Located in a valley flanked by volcanoes (one of those “The Popocatepetl which is active in fact), Puebla lies 80 miles (130 km) southeast of Mexico City at an altitude of 7091 feet (2149m). It can be visited as a day trip from Mexico City but it's well worth staying a few days.

Founded in 1531 as Ciudad de los Angeles, the city represented a bastion for Spaniards mid-way between Mexico City and the port of Veracruz. Later the name was changed to Puebla de los Angeles. The Battle of Puebla, in which Mexican troops defeated French invaders took place in 1862 at the Forts of Loreto and Guadalupe. The victory is celebrated annually throughout the country as the 5 de mayo holiday. General Ignacio Zaragoza was in command during that battle and died soon after. The city was re-baptized Puebla de Zaragoza in his honor.

 

Cholula

Cholula is situated 12 km outside of Puebla. This small, colonial city filled with 365 catholic domes, many built over pre-Columbian monuments by the Spaniards such as the enormous Cholula Pyramid where you can admire beautiful pre-Hispanic murals and on the top you can find the Nuestra Señora de los Remedios Church.

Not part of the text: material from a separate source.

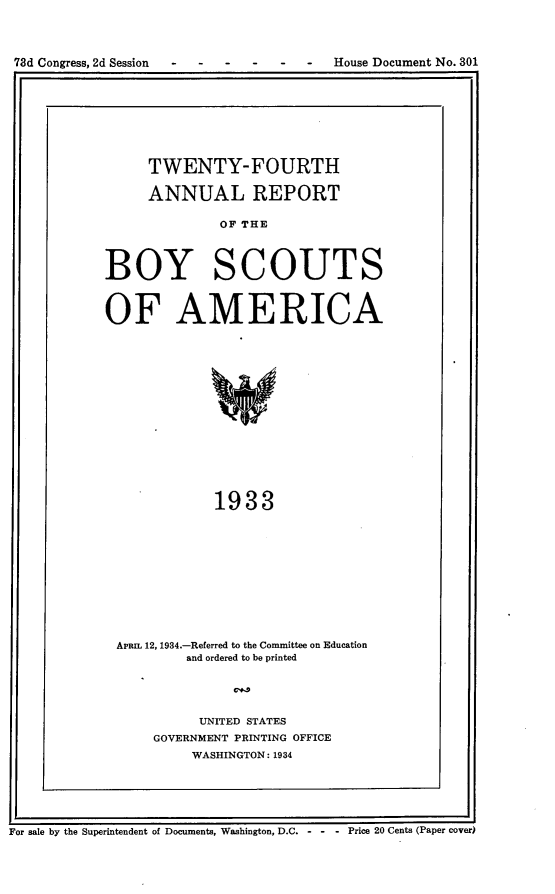 handle is hein.usccsset/usconset24117 and id is 1 raw text is:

You certainly enjoy a walk through the streets of Cholula, filled with many outdoor restaurants and coffee shops.

Cholula is home to the widest pyramid ever built “Pirámide Tepanapa”. Despite this claim to fame, it’s a surprisingly ignored place largely because unlike its contemporaries Teotihuacán or Tula.

The pyramid has been so neglected over the centuries as to be virtually unrecognizable as a man-made structure. Indeed, the pyramid was so overgrown even when the Spanish arrived that they built a church on the top, not realizing that their ‘hill’ was actually a native religious site.

The Indian church at Tonantzintla

This is the church of Santa María Tonantzintla located in Puebla. A supreme example of barroco novohispano, or what they also call indigenous baroque the proper name is TEQUITQUI ART. The style is basically a fusion of colonial architecture with pre-Hispanic design principles and the site most often associated with indigenous baroque is

Santo Domingo in Oaxaca.

The facade of the Tonantzintla church -- Nahautl for the place of our little mother or lugar de nuestra madrecita -- looks like how we imagine the exteriors of pyramids looked, not just ruins of stone but brightly colored and textured with dense ornamentation.

The saints and angels that adorn the exterior and interior niches are formed, vaguely, in the manner of the old Aztec sculptures.